- Lenders have dealt with periods of negative rates before
- Reducing euro area banks' bad loan stock will take years
It’s normal for banks to adapt to changes in the macroeconomic environment and they dealt with periods of negative real rates in the last century, European Central Bank Supervisory Board Vice Chair Sabine Lautenschlaeger said.
Banks in the euro area need to cut costs, which can be supported by the digitalization of the banking business, and they can increase the share of revenue coming from sources other than loans, such as fee income, Lautenschlaeger said in an interview with Bloomberg Television on Wednesday.

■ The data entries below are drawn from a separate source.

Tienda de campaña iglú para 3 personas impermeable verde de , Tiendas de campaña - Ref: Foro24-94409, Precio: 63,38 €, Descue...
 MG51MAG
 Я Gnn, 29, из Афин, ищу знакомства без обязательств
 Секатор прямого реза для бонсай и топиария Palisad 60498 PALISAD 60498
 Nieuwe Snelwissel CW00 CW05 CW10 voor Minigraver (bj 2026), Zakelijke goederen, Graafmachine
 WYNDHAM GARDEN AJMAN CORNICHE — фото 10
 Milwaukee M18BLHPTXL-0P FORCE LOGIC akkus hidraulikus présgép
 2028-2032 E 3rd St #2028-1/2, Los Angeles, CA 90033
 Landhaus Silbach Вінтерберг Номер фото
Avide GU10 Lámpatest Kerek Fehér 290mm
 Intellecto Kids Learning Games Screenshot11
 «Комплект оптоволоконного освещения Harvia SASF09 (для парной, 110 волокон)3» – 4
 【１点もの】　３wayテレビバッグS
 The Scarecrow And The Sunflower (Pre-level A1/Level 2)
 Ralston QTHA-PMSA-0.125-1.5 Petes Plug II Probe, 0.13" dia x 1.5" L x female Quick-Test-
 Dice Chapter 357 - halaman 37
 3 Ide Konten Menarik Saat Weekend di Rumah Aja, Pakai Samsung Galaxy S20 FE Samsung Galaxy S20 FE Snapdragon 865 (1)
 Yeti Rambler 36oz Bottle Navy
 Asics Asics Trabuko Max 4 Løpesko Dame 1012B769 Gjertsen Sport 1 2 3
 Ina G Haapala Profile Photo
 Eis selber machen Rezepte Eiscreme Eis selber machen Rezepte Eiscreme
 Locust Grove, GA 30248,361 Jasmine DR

“We have had several times of negative interest rates, real interest rates, if you think of the 1970s and 80s,” Lautenschlaeger said. “It’s a challenge for sure, but it’s not something that’s not feasible to do.”
Lautenschlaeger, who’s also a member of the ECB’s Executive Board that formulates and votes on monetary policy, said that reducing the high stock of sour loans in the euro area will be a task that will last for years and will take a lot of accompanying measures. The euro area countries that were rescued in the crisis can serve as an example for some of the measures, she said.
“The workout we are trying to do, trying to get a grip on as a supervisor, will take years for sure,” she said. “The banks need to make sure that they have a market where they can sell their non-performing loans,” and legal and insolvency frameworks may need to be adapted.